Ces prix, souligne M. Beeharry, ne reflètent pas la situation réelle dans les plantations car il y a suffisamment de légumes pour que les prix ne grimpent pas. S’ils varient entre Rs 20 et Rs 30 c’est en raison des fêtes de fin d’année. Outre les travailleurs dans les plantations, certains maraîchers aussi sont encore en vacances. De ce fait, ceux qui travaillent en profitent au détriment des consommateurs.

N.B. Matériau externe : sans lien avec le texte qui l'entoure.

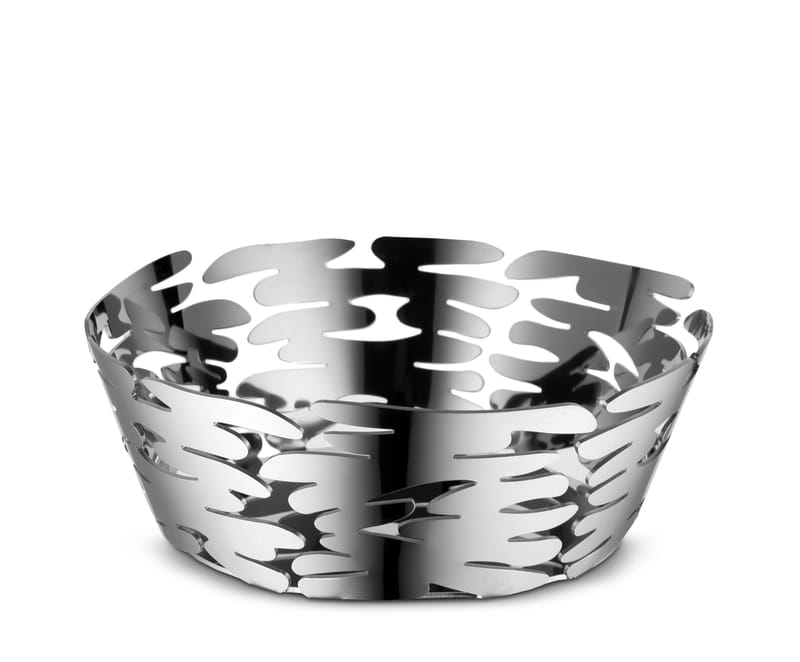Tisch und Küche - Körbe und Tischgestecke - Korb Barket metall grau silber / Ø 18 cm - Stahl - Alessi - Stahl - rostfreier Stahl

Cependant, fait ressortir notre interlocuteur, la situation se stabilisera dès la semaine prochaine avec des légumes en abondance et à des meilleurs prix au marché. Côté production, il estime que les dernières pluies ont été bénéfiques aux plantes, la chaleur est présente, les maladies ne sont pas de la partie ni les insectes, et le climat est propice pour de bonnes plantations. « Il n’y aura aucune perturbation dans l’approvisionnement du marché ». Cette année, poursuit-il, la MAMCF va encourager les planteurs à cultiver davantage les oignons et l’ail pour que le pays soit autosuffisant en ces deux produits. L’accent sera également mis cette année sur les bonnes pratiques agricoles préventives, affirme M. Beeharry. « Les planteurs ont l’habitude de les oublier ; nous leur rappellerons ces bonnes pratiques pour qu’ils puissent produire des légumes de bonne qualité ».